# Edition 38



## chrisba

Anybody going to Edition 38 next week?


----------



## Dipesh

We will be there (in our Honda's!) 

Should be camping too, hopefully the weather is good!


----------



## RandomlySet

As always! I'll be there Friday onwards in the Bravo! 

Come and say hi! Look for Ibiza Owners Clubs (Banner will say IbizaOC)


----------



## Idlewillkill

Think I'll be there on Sunday, any traders attending?


----------



## Alan W

Idlewillkill said:


> Think I'll be there on Sunday, any traders attending?


I would think Alex at Elite Car Care will be there as he's a serious dubber. 

Alan W


----------



## EliteCarCare

Alan W said:


> I would think Alex at Elite Car Care will be there as he's a serious dubber.
> 
> Alan W


Correct on both counts.. :thumb:


----------



## RandomlySet

Alex: Any chance of a nice deal on some 3M pads and Sample Polish :thumb:

May also be making a "starter kit" order for a mate

So I'll be after a fair bit of stock from you


----------



## Idlewillkill

EliteCarCare said:


> Correct on both counts.. :thumb:


Balls, looks like I'll be taking my wallet then :lol:

Looking forward to this, not been to Edition for a few years now

Actually, will you be making your pressed plates at the show dude? Very much interested in a set for my Golf


----------



## d.g

Will be going to Edition 38, GF has a nice mk2 but sadly wont be taking this as only just collected it tonight after a full rebuild and it needs plenty more work before being show ready.

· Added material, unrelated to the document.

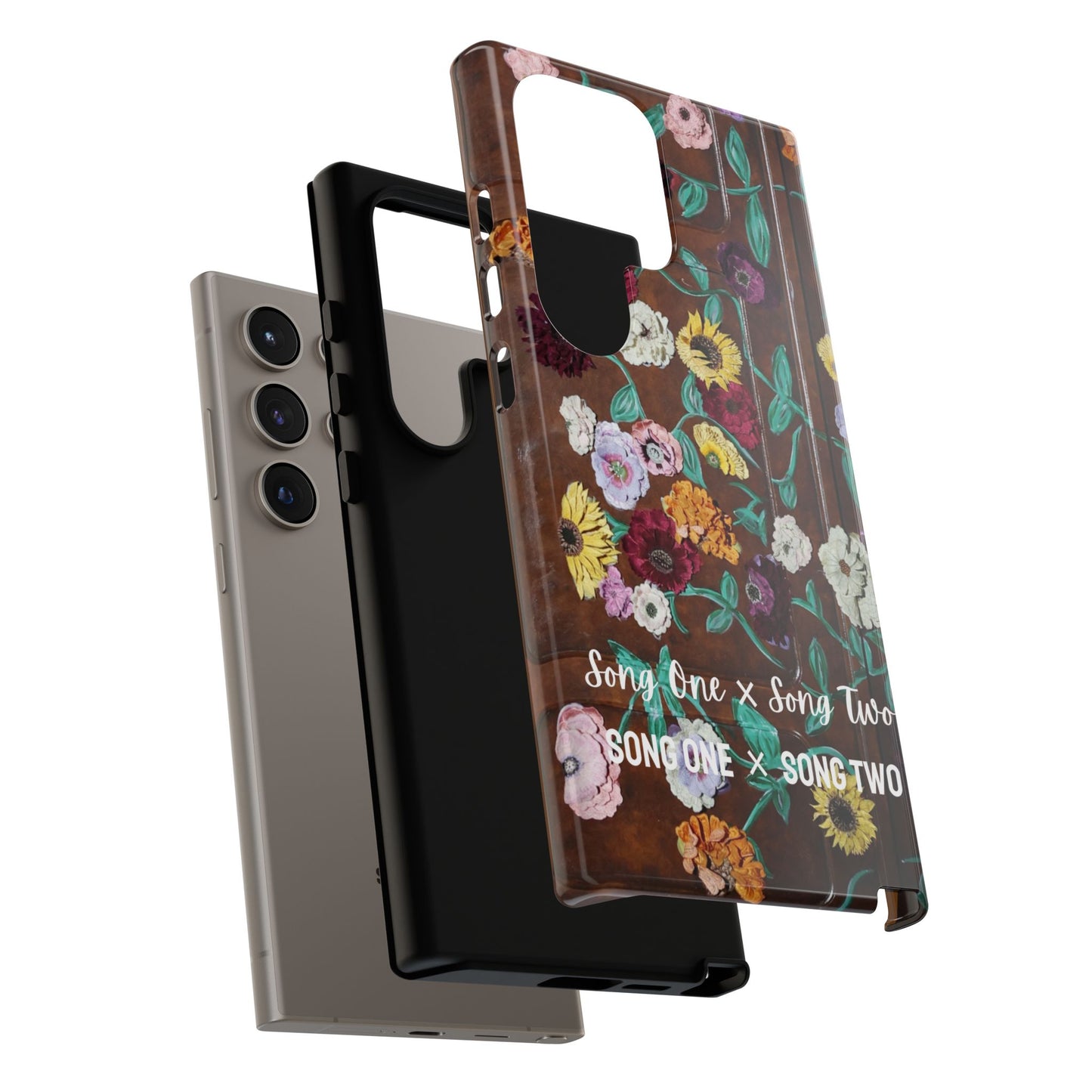 CUSTOMIZABLE with Surprise Song Titles - Surprise Song Floral Piano - Tough Cases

Still looking forward to the show, will be down there on the sunday I think.


----------



## Mini 360

d.g said:


> Will be going to Edition 38, GF has a nice mk2 but sadly wont be taking this as only just collected it tonight after a full rebuild and it needs plenty more work before being show ready.
> 
> Still looking forward to the show, will be down there on the sunday I think.


Folk above are taking hondas....no matter what state its in you arent going to be the worst there :lol:


----------



## EliteCarCare

-Mat- said:


> Alex: Any chance of a nice deal on some 3M pads and Sample Polish :thumb:
> 
> May also be making a "starter kit" order for a mate
> 
> So I'll be after a fair bit of stock from you


Best sorted by PM/email but i'm sure we can sort something.. :thumb:



Idlewillkill said:


> Balls, looks like I'll be taking my wallet then :lol:
> 
> Looking forward to this, not been to Edition for a few years now
> 
> Actually, will you be making your pressed plates at the show dude? Very much interested in a set for my Golf


Not making plates at the show, but we can take a booking & payment for them (you'll need to bring your docs) and you'll get the plates sent to you within a couple of working days. :thumb:

Alex


----------



## Tunero

I will be there... with some friends and our rental car...

We go from Spain... about 20 guys... 


Any car care shop will have stand there? As I understand, Elite Car Care maybe...


Someone can change or sell me some AS Tardis? About... 500ml...


----------



## Prism Detailing

Im getting very excited about E38X, got the Golf ready today, only decided to go at 2pm so decided to get the Golf prepared, now packing clothing, heading off at 7am tomorrow 

See you all there


----------



## Dipesh

I'm getting excited too! Not going until Saturday though. 

We will have a red polo with ats classics. The hondas are staying at home!


----------



## RandomlySet

as said, I'll be there heading the Ibiza OC stand... look for a Beige Fiat Bravo.... 58 Reg ending in LLU! Pop over and say hi.......


----------



## Prism Detailing

-Mat- said:


> as said, I'll be there heading the Ibiza OC stand... look for a Beige Fiat Bravo.... 58 Reg ending in LLU! Pop over and say hi.......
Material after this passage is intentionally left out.